[TASK DESCRIPTION]:
Of the lines listed below, return exactly those that run from the line containing "Camiseta prepartido del" through the line containing "GENIMO Kitchen Rugs", both included.

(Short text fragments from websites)
◆ ◆ ◆ ◆ ◆ ◆ ◆
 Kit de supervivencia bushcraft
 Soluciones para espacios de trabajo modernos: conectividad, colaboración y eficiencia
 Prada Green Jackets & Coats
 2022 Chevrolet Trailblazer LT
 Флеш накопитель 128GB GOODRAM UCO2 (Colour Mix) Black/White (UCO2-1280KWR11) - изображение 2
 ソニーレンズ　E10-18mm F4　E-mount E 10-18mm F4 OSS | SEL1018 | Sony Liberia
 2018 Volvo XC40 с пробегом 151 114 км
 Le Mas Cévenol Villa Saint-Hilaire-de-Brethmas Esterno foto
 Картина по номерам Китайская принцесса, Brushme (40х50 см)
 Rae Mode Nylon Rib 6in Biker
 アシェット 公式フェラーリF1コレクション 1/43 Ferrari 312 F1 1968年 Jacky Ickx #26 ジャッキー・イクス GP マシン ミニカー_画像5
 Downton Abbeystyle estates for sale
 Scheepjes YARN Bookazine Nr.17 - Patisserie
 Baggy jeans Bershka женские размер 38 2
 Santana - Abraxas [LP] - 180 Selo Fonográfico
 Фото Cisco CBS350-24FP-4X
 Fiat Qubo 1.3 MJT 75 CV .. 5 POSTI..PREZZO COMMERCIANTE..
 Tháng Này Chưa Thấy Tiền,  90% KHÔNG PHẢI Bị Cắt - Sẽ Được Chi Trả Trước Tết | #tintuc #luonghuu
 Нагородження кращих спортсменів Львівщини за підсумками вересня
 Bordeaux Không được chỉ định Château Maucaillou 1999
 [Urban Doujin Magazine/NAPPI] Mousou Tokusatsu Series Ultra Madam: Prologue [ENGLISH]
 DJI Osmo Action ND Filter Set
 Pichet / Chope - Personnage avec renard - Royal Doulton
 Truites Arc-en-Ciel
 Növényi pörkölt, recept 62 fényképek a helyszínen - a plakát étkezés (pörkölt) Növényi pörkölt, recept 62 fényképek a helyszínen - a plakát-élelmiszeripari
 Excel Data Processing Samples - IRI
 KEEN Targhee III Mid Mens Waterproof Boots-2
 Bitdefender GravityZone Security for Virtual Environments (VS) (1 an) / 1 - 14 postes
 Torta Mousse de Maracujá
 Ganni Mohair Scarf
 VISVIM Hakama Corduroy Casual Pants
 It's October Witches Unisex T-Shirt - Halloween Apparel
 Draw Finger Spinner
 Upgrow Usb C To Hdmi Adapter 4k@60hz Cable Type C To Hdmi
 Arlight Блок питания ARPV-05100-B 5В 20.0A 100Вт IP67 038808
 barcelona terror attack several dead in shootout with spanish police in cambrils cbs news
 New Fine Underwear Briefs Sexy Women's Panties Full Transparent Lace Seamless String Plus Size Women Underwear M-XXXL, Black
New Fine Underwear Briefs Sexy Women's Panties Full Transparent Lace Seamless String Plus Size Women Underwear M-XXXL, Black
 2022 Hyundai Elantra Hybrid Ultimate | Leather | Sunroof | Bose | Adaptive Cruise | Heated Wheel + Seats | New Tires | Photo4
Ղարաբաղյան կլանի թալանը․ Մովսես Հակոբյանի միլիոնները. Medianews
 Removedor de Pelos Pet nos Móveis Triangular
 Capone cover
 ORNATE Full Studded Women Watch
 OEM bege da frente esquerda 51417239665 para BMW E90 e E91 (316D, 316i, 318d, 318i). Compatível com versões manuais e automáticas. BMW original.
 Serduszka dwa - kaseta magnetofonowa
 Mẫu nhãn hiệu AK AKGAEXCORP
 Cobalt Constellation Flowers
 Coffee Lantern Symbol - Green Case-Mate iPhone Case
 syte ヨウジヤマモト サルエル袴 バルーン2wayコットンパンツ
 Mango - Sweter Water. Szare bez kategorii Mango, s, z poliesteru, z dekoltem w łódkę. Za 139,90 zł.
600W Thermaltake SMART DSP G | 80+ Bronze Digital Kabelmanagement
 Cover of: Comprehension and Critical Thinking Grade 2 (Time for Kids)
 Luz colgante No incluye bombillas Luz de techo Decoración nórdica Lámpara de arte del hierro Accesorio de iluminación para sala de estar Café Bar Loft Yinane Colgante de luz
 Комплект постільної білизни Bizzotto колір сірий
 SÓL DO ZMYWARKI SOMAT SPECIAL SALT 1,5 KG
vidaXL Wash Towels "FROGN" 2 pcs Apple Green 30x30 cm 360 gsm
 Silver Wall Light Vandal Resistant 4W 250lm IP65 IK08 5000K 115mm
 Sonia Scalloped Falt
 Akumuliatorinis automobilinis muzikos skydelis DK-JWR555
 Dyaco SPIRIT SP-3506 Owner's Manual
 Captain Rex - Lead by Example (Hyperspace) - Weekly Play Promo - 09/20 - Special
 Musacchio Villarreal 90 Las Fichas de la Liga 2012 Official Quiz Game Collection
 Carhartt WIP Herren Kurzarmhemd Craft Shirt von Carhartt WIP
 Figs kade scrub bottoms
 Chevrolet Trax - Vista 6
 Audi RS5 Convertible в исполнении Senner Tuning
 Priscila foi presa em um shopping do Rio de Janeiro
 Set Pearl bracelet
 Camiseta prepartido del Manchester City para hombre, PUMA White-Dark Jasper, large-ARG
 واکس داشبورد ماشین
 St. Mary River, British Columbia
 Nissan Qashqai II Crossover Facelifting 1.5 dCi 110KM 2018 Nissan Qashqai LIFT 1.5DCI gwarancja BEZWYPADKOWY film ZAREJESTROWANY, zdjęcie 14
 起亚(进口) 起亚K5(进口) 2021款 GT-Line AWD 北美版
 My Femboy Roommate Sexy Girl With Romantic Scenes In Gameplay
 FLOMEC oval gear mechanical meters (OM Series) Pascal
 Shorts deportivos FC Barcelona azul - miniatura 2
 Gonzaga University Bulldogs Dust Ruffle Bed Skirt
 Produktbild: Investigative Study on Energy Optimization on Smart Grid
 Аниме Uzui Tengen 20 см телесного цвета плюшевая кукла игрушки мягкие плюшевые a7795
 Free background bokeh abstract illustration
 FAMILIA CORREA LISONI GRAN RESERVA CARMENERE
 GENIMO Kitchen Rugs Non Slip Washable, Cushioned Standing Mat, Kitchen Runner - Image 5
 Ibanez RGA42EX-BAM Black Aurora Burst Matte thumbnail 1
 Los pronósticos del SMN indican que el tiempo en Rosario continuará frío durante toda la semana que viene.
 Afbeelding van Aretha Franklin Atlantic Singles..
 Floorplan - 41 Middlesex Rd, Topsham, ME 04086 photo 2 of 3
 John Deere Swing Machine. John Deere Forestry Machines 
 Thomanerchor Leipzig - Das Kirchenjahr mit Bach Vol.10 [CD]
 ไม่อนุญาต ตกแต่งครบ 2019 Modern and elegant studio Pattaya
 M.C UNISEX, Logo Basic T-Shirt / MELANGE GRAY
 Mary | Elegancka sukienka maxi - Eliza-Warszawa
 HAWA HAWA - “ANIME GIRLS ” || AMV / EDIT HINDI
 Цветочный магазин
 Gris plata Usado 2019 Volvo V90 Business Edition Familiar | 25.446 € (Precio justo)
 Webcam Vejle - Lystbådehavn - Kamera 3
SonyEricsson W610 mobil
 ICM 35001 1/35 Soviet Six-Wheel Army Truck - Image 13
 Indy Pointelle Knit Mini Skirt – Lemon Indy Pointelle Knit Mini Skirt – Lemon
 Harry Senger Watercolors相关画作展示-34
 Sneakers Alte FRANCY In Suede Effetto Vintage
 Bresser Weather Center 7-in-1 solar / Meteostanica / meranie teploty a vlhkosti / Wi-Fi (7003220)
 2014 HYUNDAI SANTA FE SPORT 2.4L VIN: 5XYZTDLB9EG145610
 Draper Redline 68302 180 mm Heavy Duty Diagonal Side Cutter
◆ ◆ ◆ ◆ ◆ ◆ ◆
[RESPONSE TO THIS TASK]:
 Camiseta prepartido del Manchester City para hombre, PUMA White-Dark Jasper, large-ARG
 واکس داشبورد ماشین
 St. Mary River, British Columbia
 Nissan Qashqai II Crossover Facelifting 1.5 dCi 110KM 2018 Nissan Qashqai LIFT 1.5DCI gwarancja BEZWYPADKOWY film ZAREJESTROWANY, zdjęcie 14
 起亚(进口) 起亚K5(进口) 2021款 GT-Line AWD 北美版
 My Femboy Roommate Sexy Girl With Romantic Scenes In Gameplay
 FLOMEC oval gear mechanical meters (OM Series) Pascal
 Shorts deportivos FC Barcelona azul - miniatura 2
 Gonzaga University Bulldogs Dust Ruffle Bed Skirt
 Produktbild: Investigative Study on Energy Optimization on Smart Grid
 Аниме Uzui Tengen 20 см телесного цвета плюшевая кукла игрушки мягкие плюшевые a7795
 Free background bokeh abstract illustration
 FAMILIA CORREA LISONI GRAN RESERVA CARMENERE
 GENIMO Kitchen Rugs Non Slip Washable, Cushioned Standing Mat, Kitchen Runner - Image 5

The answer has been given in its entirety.